# fence posts



## Slappy (Nov 25, 2008)

How deep do you usually bury fence posts when you're making a fence to keep in livestock, also do all of the posts come with holes so you can wire the barbed wire to it?


----------



## Homestead Gal (Nov 25, 2008)

Hi Slappy,
You didn't say what type of livestock you want to contain. Here is just a general idea of how to put up fence.

We put our wooden posts at least 2 feet in the ground. If your soil is rocky and you can't go that deep, go as deep as you can and fill the hole with redimix concrete and rocks.

Most posts are spaced about 8 to 10 feet apart for woven wire fencing. Wooden posts are generally solid and you mount your barbed wire using U-shaped fence staples. Just stretch the wire across the post, hold the fence staple across the wire and hammer it down like a nail. You would also secure woven wire fencing the same way. You will need to use a fence stretching tool to get keep your fence tight while you are put it up. A farm supply store will have all the materials you need. They can also guide you as to the best fencing choices for the type of livestock you want to contain.

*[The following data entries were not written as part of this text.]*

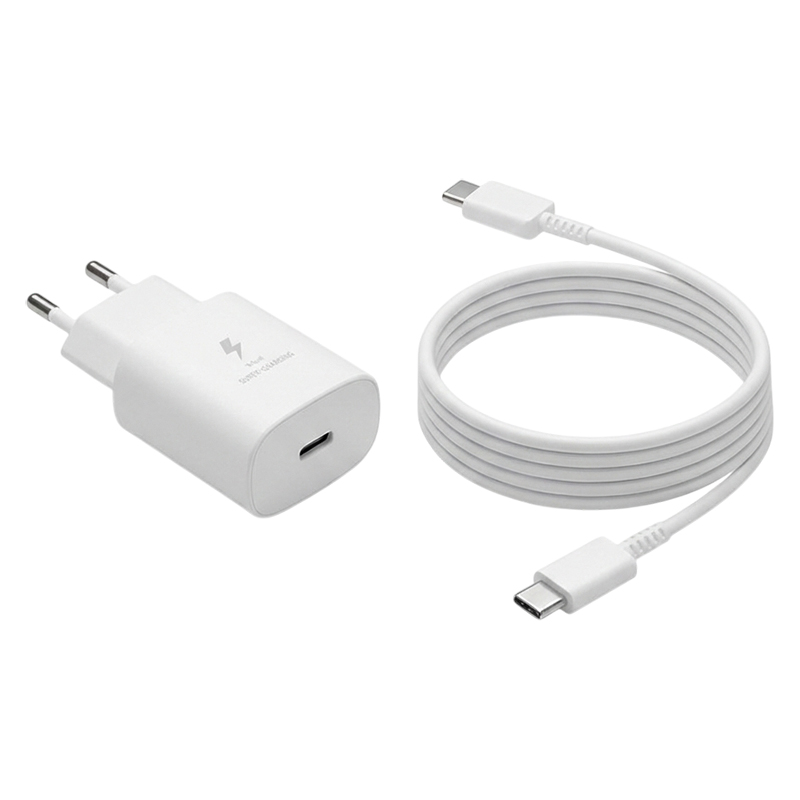 Cargador Usb C Carga rápida PD 25W 4A con Cable USB C a USB C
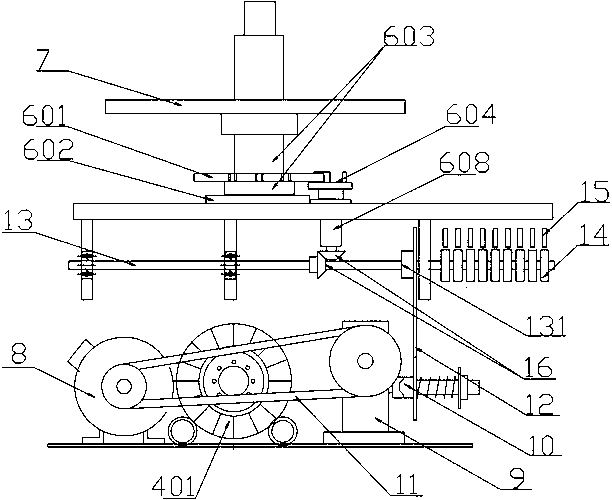 Full-automatic pen plate gluing machine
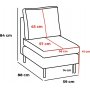 Modulares Sofa Mino - Grau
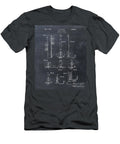 2 Linemans Climbing Hook Patent Print Visual Design T-Shirt
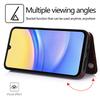 Portfel z podwójnym guzikiem, slotem na karty, podstawką, klapką, skórzane etui do Samsung Galaxy A16 A35 A55 A15 A54 A14 A13 A73 A53 A33 A32 A12 A52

Keep in mind that metal T-Post work great when working with barbed wire or woven wire. You can use them in places you cannot dig or drive a wooden post. They have their own type of wire clip to hold your fencing in place. We use them for areas we can't use the post hole drill. They also work great fencing off creek beds and sink hole areas you don't want to drive a tractor over.
Hope this helps.


----------



## machiavelli (Nov 26, 2008)

There is a device that lets you put T-posts into the ground without digging a hole, I forgot what it's called.


----------



## dunappy (Nov 11, 2008)

We use T-posts cause they are cheaper and more available then wooden posts locally. Plus with the rock hard clay ground we have, the t-posts hold very will. they don't always hold as well in really soft dirt or sand. Plus t-posts are easier to install with a t-post pounder instead of digging a hole.


----------